The Socialist Equality Party (SEP) condemns the Sri Lankan government’s military offensive against the Liberation Tigers of Tamil Eelam (LTTE) that has already claimed the lives of hundreds of innocent civilians and driven many more from their homes. The new war serves the interests of the ruling elites in Colombo and is directed against the vast majority of the population—Tamil, Sinhala and Muslim alike.

The working class must reject the empty claims of President Mahinda Rajapakse to be a man of peace committed to a negotiated solution to the country’s protracted civil war. The military’s open attacks on LTTE positions since late July are a flagrant breach of the 2002 ceasefire and the precursor to full-scale war. Nor can workers place any faith in the so-called international peace process presided over by the same powers that have backed the US-led occupations of Afghanistan and Iraq.

Instead, the working class must initiate its own independent political campaign to rally the rural poor, young people and sections of the middle class to put a stop to war and the profit system, which is the source of militarism and communalism. At the same time, the SEP calls on working people throughout the Indian subcontinent, Asia and internationally to oppose Colombo’s violent aggression and to support their class brothers and sisters in Sri Lanka.

It is no accident that Rajapakse ordered the latest military offensives amid a growing wave of struggles by workers and farmers in defence of jobs, working conditions and basic social benefits. The aim of the renewed civil war is to confuse and divide the masses, and to crush their growing rebelliousness.
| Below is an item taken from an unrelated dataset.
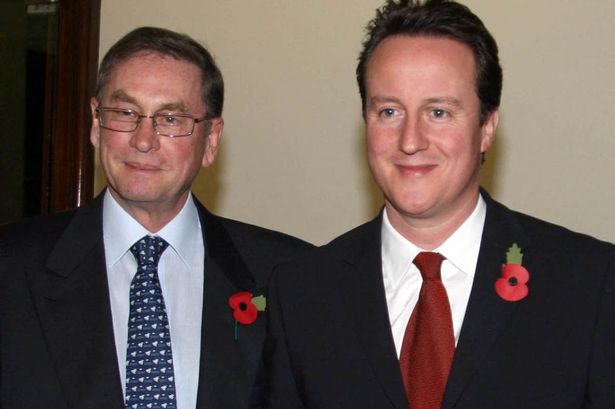 Lord Ashcroft with David Cameron at the Launch of the Victoria Cross Heroes in London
The government and the media have increasingly attacked striking workers and protesting farmers for aiding the “terrorists”.

Over the past three months, the military has indiscriminately bombarded LTTE-held areas with mortars, artillery and, for the first time in the 23-year war, sustained aerial attacks. At least 1,500 soldiers, LTTE fighters and civilians have been killed so far in the fighting and more than 240,000 people have been displaced. Some 10,000 men, women and children have fled to southern India.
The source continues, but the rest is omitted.